Primary electroporation events. Shown are snapshots of the electropore formation at E = 0.395 V/nm (after 18.7 ns). Lipids and water molecules guiding the initial steps are highlighted, the lipid headgroups are shown as gray balls, water oxygens as red balls, and lipid tails as sticks. Water molecules forming the initial membrane-spanning water file are colored yellow.

FIGURE 10

Electrostatic potential (A), field strength (B), and force on a dipole of strength 1 D (1 Debye = 3.33564 · 10⁻³⁰ Cm) (C) across the lipid bilayer for three different field strengths. The region imposing asymmetry among the two monolayers is shaded. The direction of the external applied electric field is given by a solid arrow (B), the average water dipole direction by green arrows (C). The electric field strengths were obtained by integration of the averaged charge density across the bilayer, after summing the charges per slice (box divided in 200 slices), the electrostatic potential was computed by double integration of the charge density. The force on a dipole was obtained by numerical differentiation of the electric field strength. The force was smoothed with a Gaussian with a width of 0.08 nm.

FIGURE 11

Preporation time t* (simulation, shaded symbols) and experimental time constant τ_T + τ_Q (solid symbols, A), and pore formation rate coefficient k_Q (B) as a function of the effective macroscopic electric field E_L across the lipid bilayer. Data from experiment are shown in solid representation (32).

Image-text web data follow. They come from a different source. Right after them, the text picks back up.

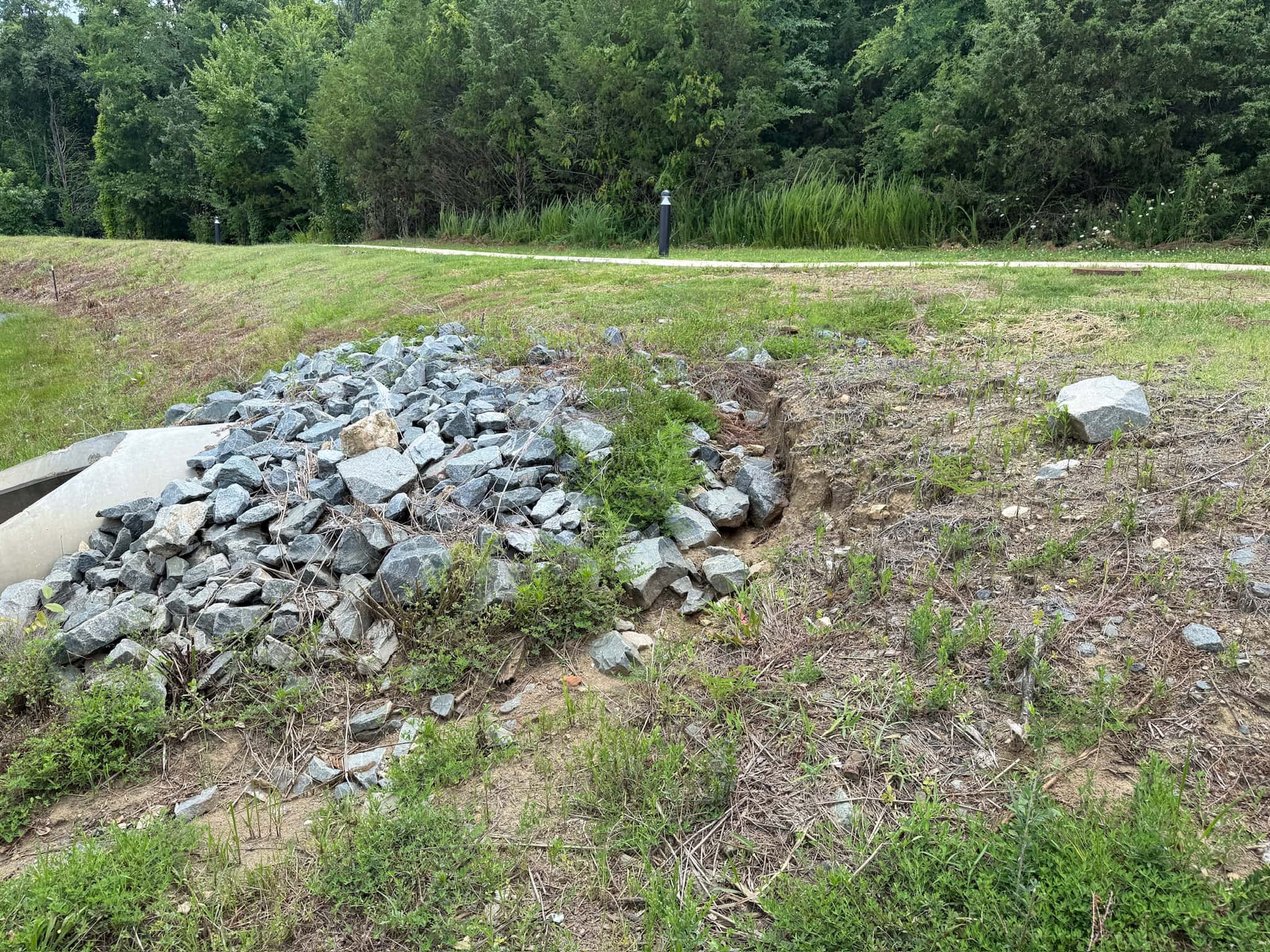 Stormwater pond bank maintenance with clean edges and open sightlines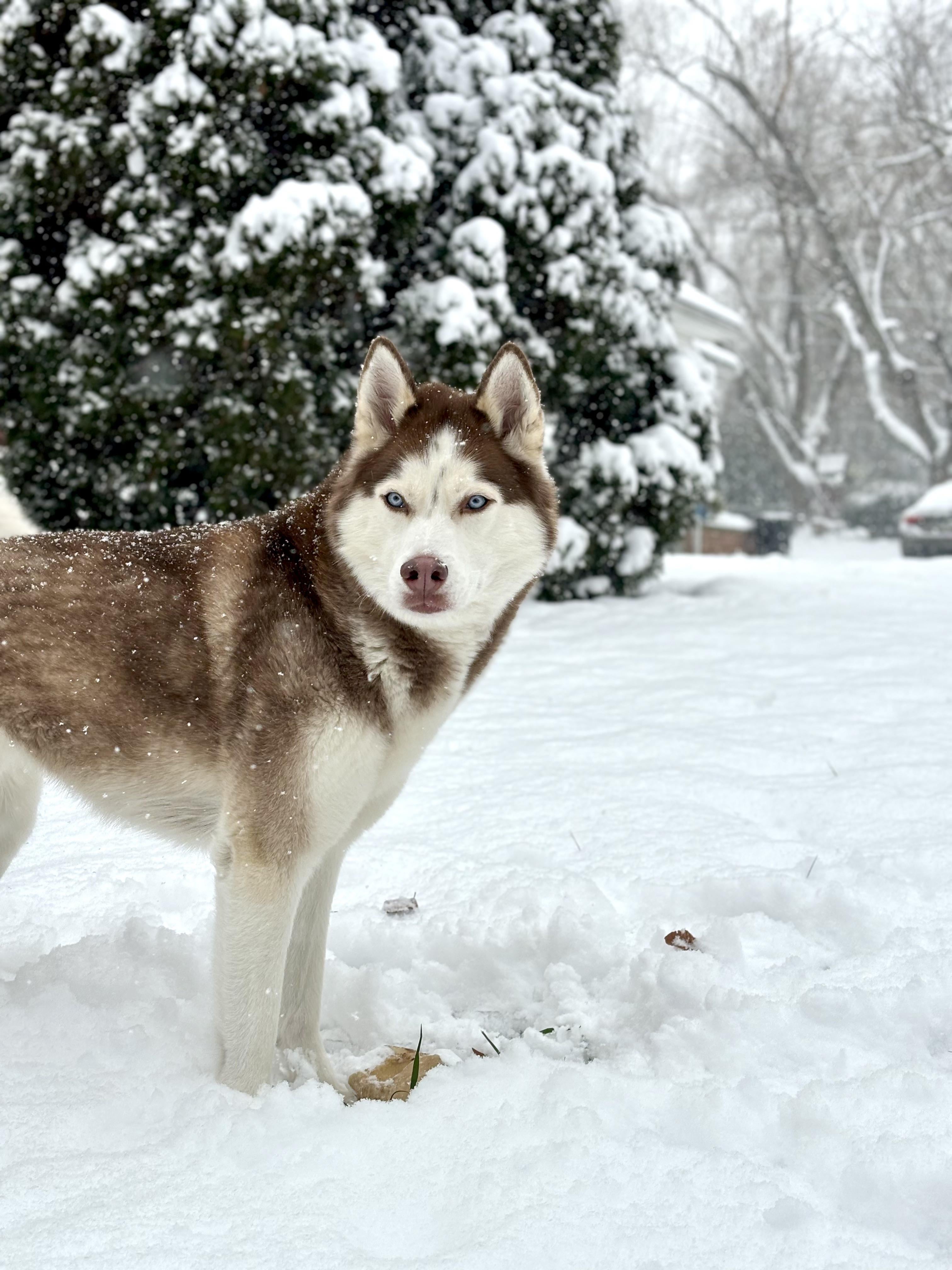 Fat Blue Eyes Siberian Husky: How Much Food Should They Really Eat?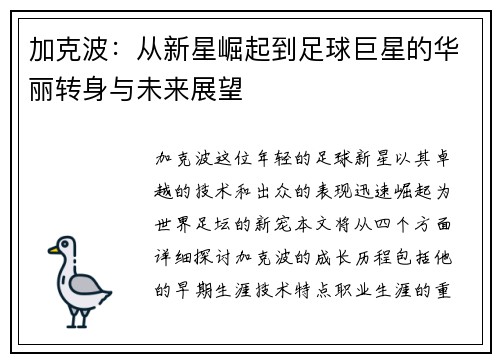 加克波：从新星崛起到足球巨星的华丽转身与未来展望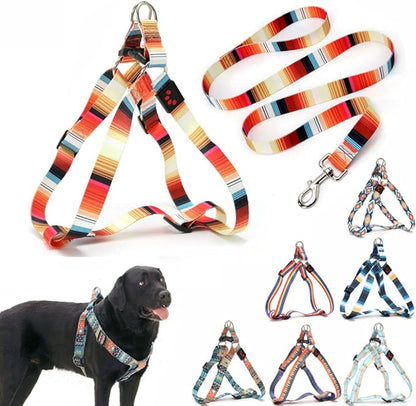 Dog Harness and Leash Set, Pretty Pattern No-Pull Pet Halter Puppy Vest Outdoor Easy Walk for Small Medium Large Breed Pug Bully Mastiff Dogs Female Male, Orange L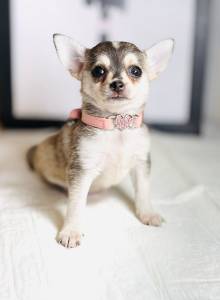 CHIHUAHUA FEMEA MICRO PELO CURTO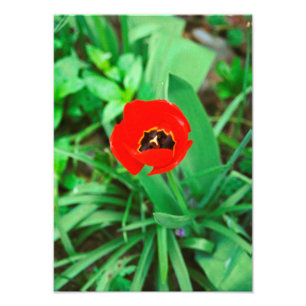 Red tulip photo print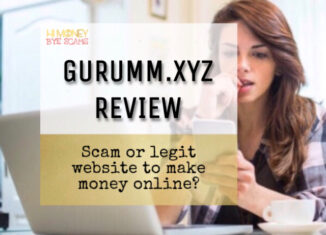 Gurumm.xyz review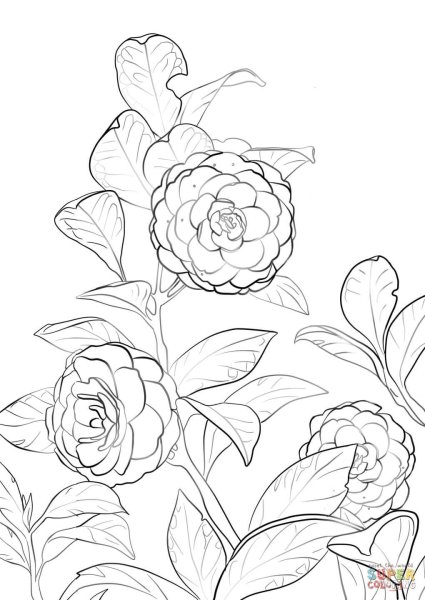 Раскраска цветка Камелия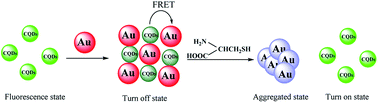 Graphical abstract: Switch on fluorescence mode for determination of l-cysteine with carbon quantum dots and Au nanoparticles as a probe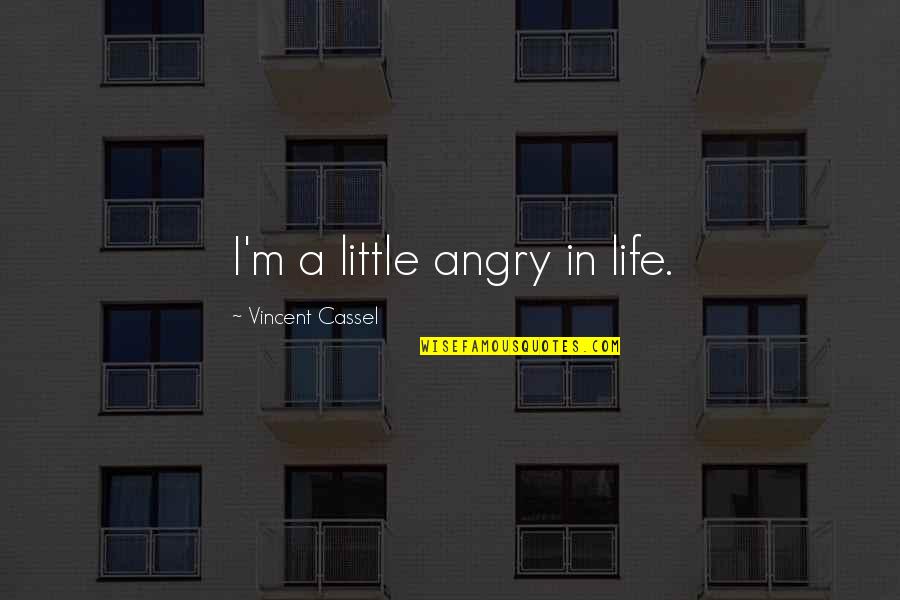 Short Affirmations Quotes By Vincent Cassel: I'm a little angry in life. Short Affirmations Quotes By Vincent Cassel: I'm a little angry in life.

The dashed line is a fit to the simulation data according to t* ∼ exp (−ΔμE_L).

FIGURE 12

E-field-normalized cumulative distribution functions (thick shaded lines, logarithmic timescale) obtained from the 48 individual poration times observed in the molecular dynamics simulations. (Left) Superimposed are 25 cumulative distribution functions for 48 events each, drawn from an exponential distribution, corresponding to a one-step kinetics with no intermediates. (Right) Here, the 25 cumulative distributions were drawn from two-step kinetics, i.e., assuming one intermediate.